=== Task prompt ===
Copy every line of the data exactly, keeping out any picture.

=== Dataset records ===
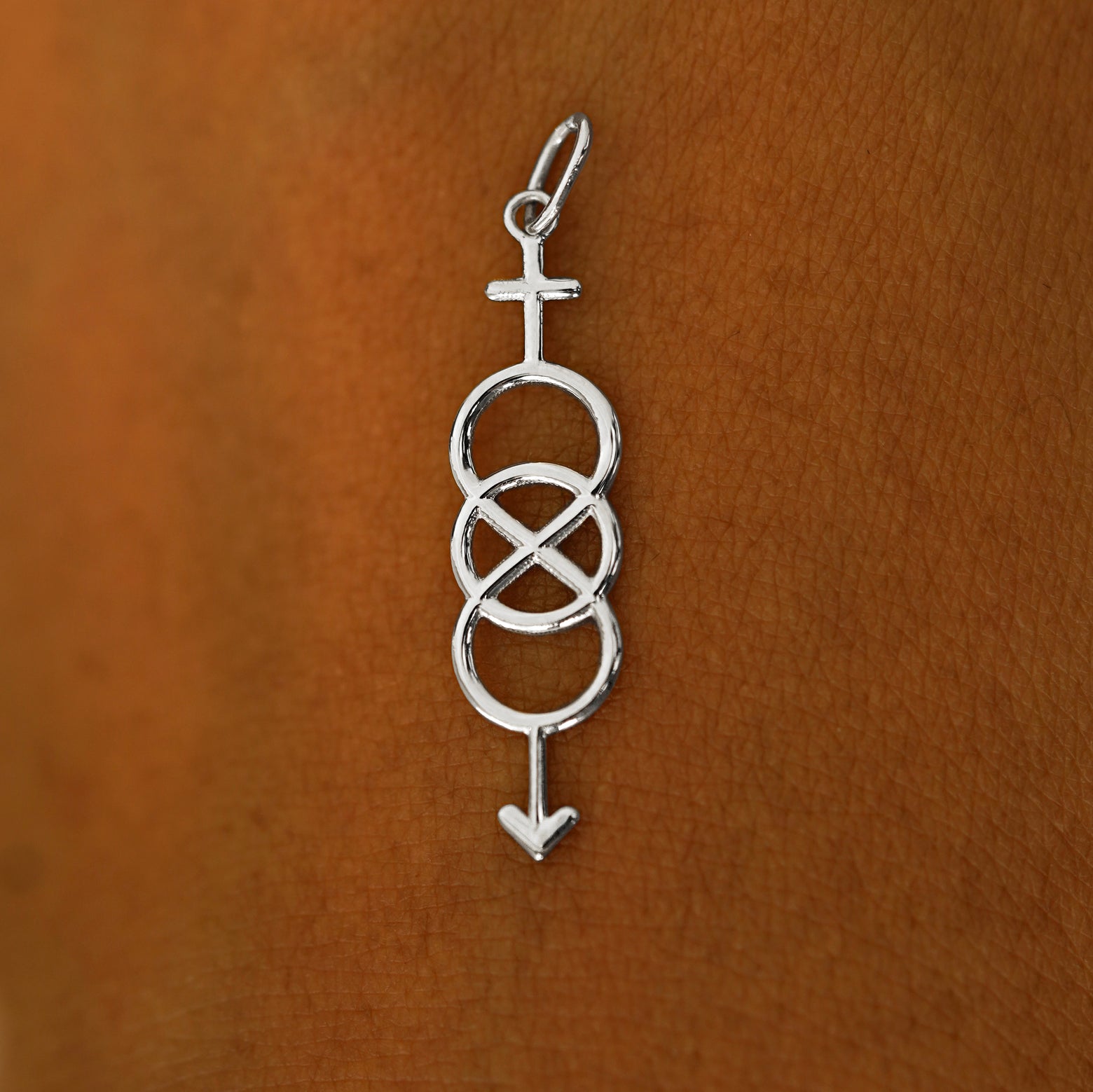 A solid 14k white gold Bisexual Symbol Charm resting on the back of a model's hand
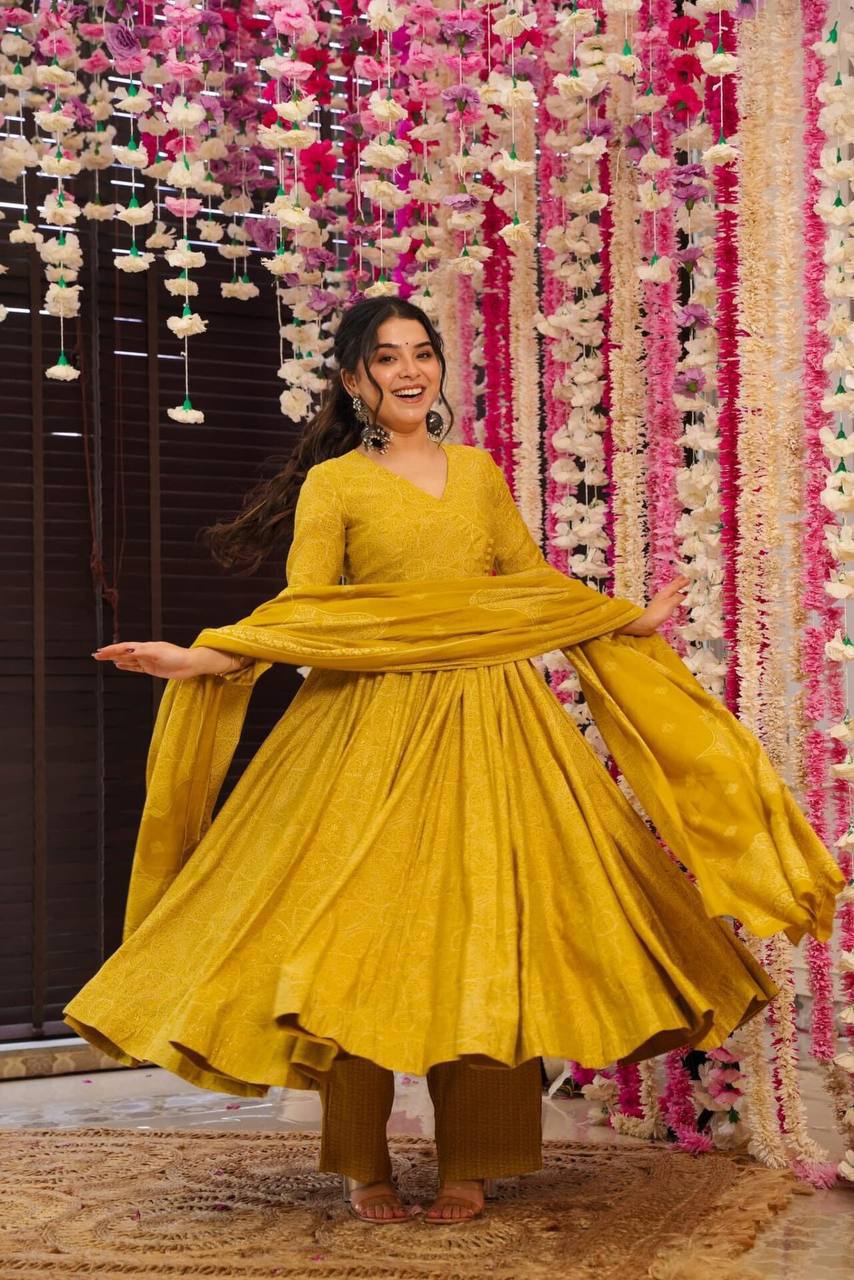Woman twirling in Golden Bandhani Anarkali Suit Set. Ethnic dress.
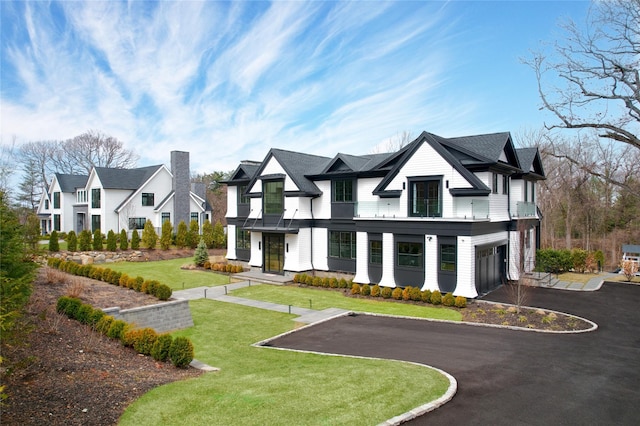 exterior space with an attached garage, a front lawn, and aphalt driveway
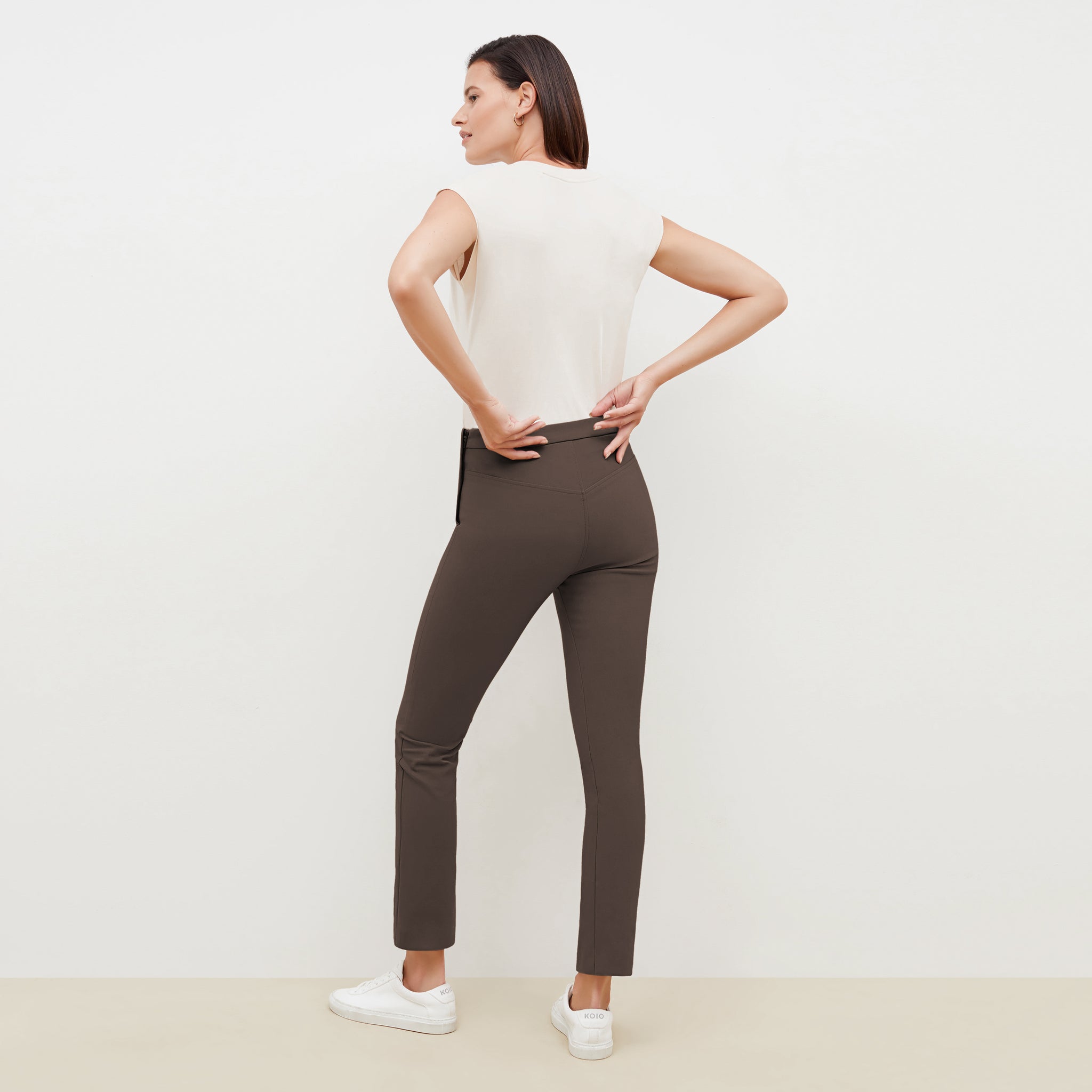 Back image of a woman wearing the Foster Pant in Dark Mink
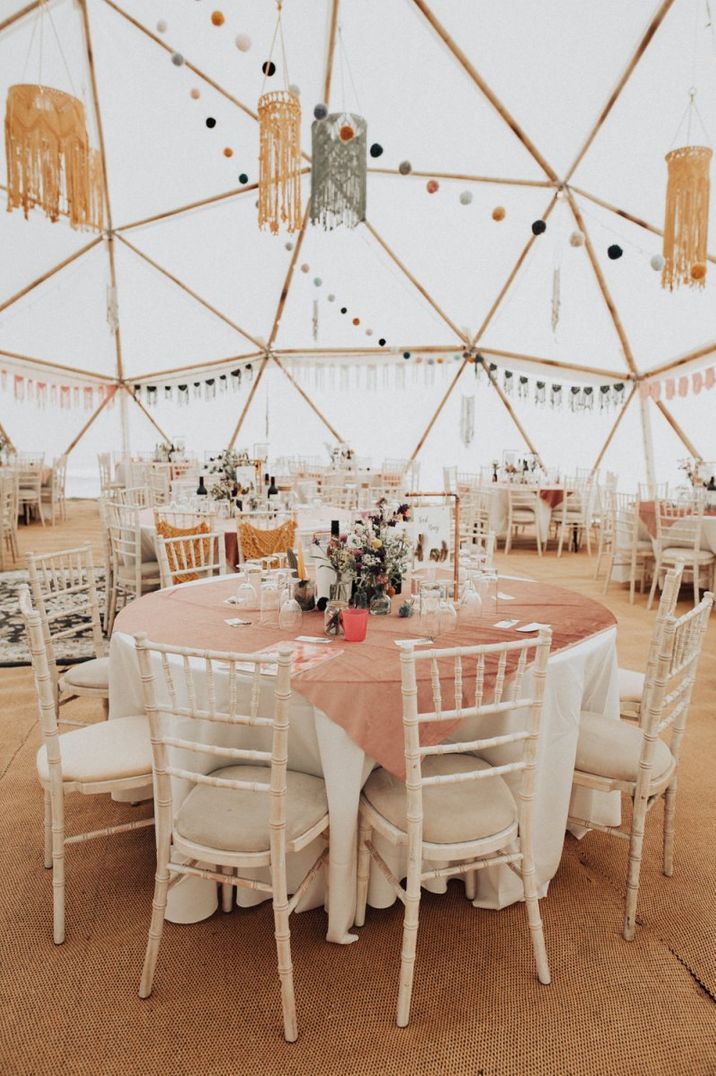 Geodome boho wedding reception with wildflowers and macrame chandeliers 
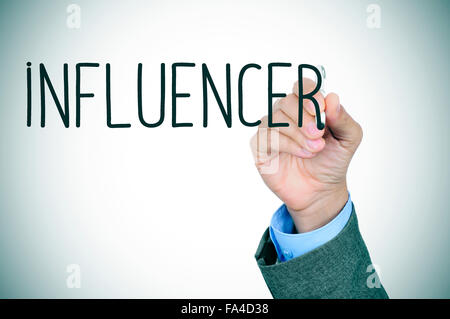 closeup of the hand of a young caucasian man in suit writing the word influencer with a pen in the foreground Stock Photo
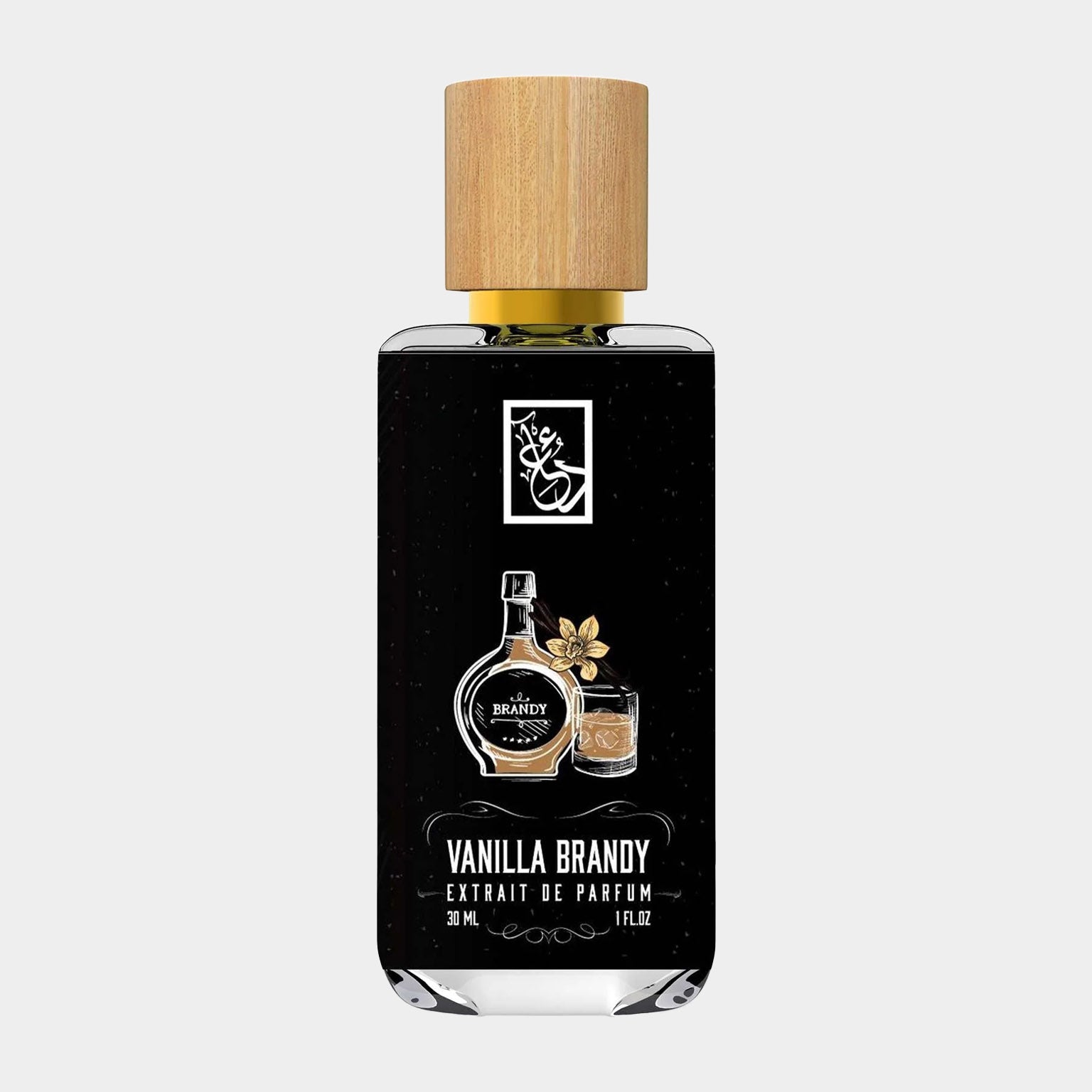 Dua Vanilla Brandy Sample bottle, featuring a sleek design with a wooden cap, contains 30 ml of an extrait de parfum that blends rich vanilla and brandy notes. The elegant label showcases the product name prominently.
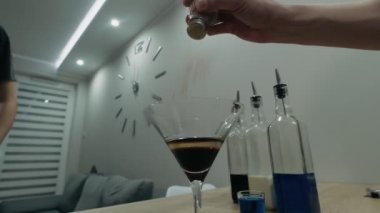 Barmen yanan bir alkollü kokteylin üzerine tarçın serper.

=== Solution for this exercise ===
 A solid 14k white gold Bisexual Symbol Charm resting on the back of a model's hand
Woman twirling in Golden Bandhani Anarkali Suit Set. Ethnic dress.
 exterior space with an attached garage, a front lawn, and aphalt driveway
 Back image of a woman wearing the Foster Pant in Dark Mink
 Geodome boho wedding reception with wildflowers and macrame chandeliers 
 closeup of the hand of a young caucasian man in suit writing the word influencer with a pen in the foreground Stock Photo
 Dua Vanilla Brandy Sample bottle, featuring a sleek design with a wooden cap, contains 30 ml of an extrait de parfum that blends rich vanilla and brandy notes. The elegant label showcases the product name prominently.
 Barmen yanan bir alkollü kokteylin üzerine tarçın serper.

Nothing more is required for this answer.